FTR, we have considered providing similar support by adding new
logformat %code(s) to the existing access_log. While doing so would
reduce and simplify code changes, we ultimately rejected that design
because the combination of the following factors renders it inferior and
insufficient on several levels:

1. Some TLS connections are reflected in access logs a long time
   after they are established (e.g., when the connection serves
   a long CONNECT tunnel). During triage, admins may need the
   ability to decipher a live connection much sooner.

2. Some TLS connections are never reflected in access logs at all
   (e.g., when Squid opens but does not use an outgoing TLS connection
   or crashes when parsing the first request on an incoming one). Info
   gaps often create triage suspicions: Did we drop something else?

3. A single access_log record may correspond to many from-Squid
   connections, especially when Squid retries peer failures. Logging
   keys for all these connections would require accumulating the keys in
   the master transaction and then dumping them as a part of a new
   %code. Adding (and dumping) repeated ALE fields is awkward.

4. Manually creating ACLs to limit access log records to the first
   transaction on a connection would be a must for most deployments
   using this feature. Doing so is far from trivial and related
   configuration errors are difficult to triage. We could add a new
   ACL type for this purpose, but even that is tricky because a
   single master transaction may have many associated connections.
   And logging secrets for every transaction creates too much noise.

5. Configuration flexibility offered by logformat is likely to
   remain largely unused by the new feature because tools like
   Wireshark _automatically_ find relevant records when deciphering
   captured traffic. Augmenting these logs with other transaction
   details (typical for access log uses) would be mostly useless.

6. New %codes would be awkward to use in a regular access log because
   they may expand into a variable number of lines, going against the
   traditional line-oriented, "fixed" format access log use.

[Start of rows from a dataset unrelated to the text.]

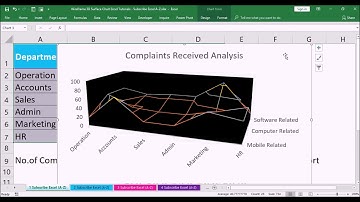 How to make a Wireframe 3D Surface Chart in Excel 2016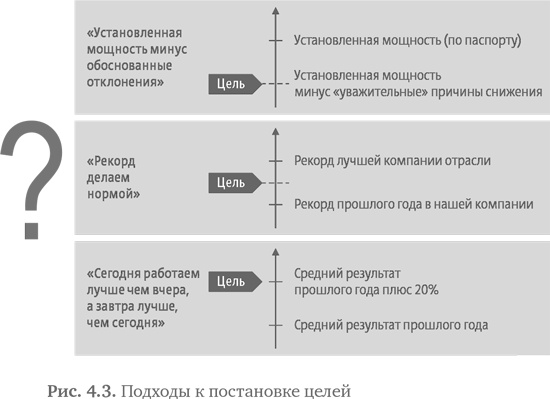 Стратегия чистого листа. Как перестать планировать и начать делать бизнес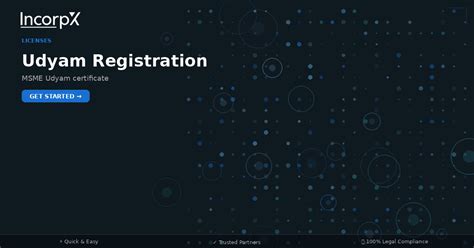 Udyam Registration in Lakshadweep | IncorpX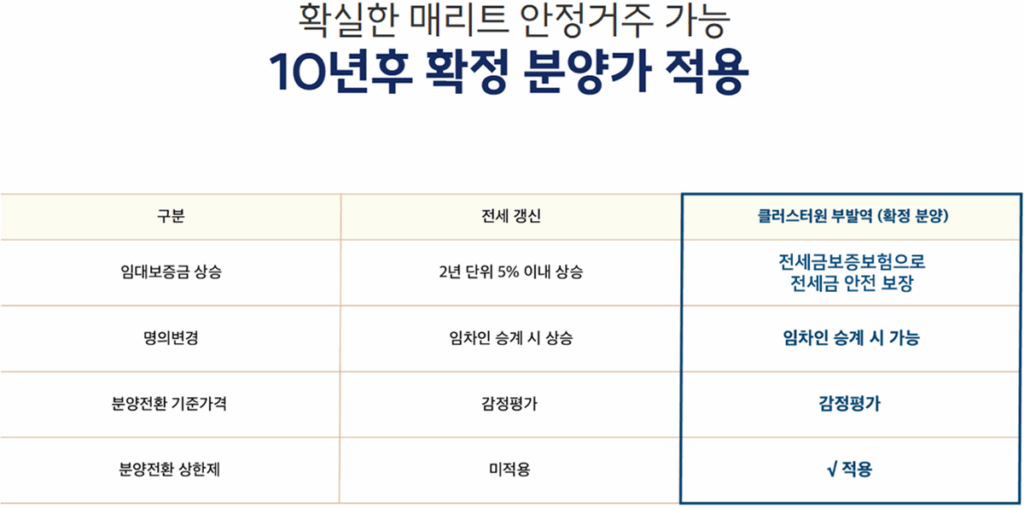 이천부발역 베네스트 클러스트원_프리미엄_07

While some of the above items have workarounds, a few do not, and the
whole combination looks rather grim/unfriendly. We should attack this
problem from the other end -- a new simple configuration dedicated to
this useful feature.

We propose to structure this new directive so that it is easy to add
advanced access_log-like features later if needed (while reusing the
corresponding access_log code). For example, if users find that they
want to maintain multiple TLS key logs or augment log records with
connection details, we can add that support by borrowing access_log
options and code without backward compatibility concerns. The new
required "if" keyword in front of the ACL list allows for seamless
addition of new directive options in the future.


Cheers,

Alex.
-- draft squid.conf directive documentation 

tls_key_log

Configures whether and where Squid records pre-master secret and
related encryption details for TLS connections accepted or established
by Squid. These connections include connections accepted at
https_port, TLS connections opened to origin servers/cache_peers/ICAP
services, and TLS tunnels bumped by Squid using the SslBump feature.
This log (a.k.a. SSLKEYLOGFILE) is meant for triage with traffic
inspection tools like Wireshark.

tls_key_log  if ...

WARNING: This log allows anybody to decrypt the corresponding
encrypted TLS connections, both in-flight and postmortem.

At most one log file is supported at this time. Repeated tls_key_log
directives are treated as fatal configuration errors. By default, no
log is created or updated.

If the log file does not exist, Squid creates it. Otherwise, Squid
appends an existing log file.

The directive is consulted whenever a TLS connection is accepted or
established by Squid. TLS connections that fail the handshake may be
logged if Squid got enough information to form a log record. A record
is logged only if all of the configured ACLs match.

Squid does not buffer these log records -- the worker blocks until
each record is written. File system buffering may speed things up, but
consider placing this triage log in a memory-based partition.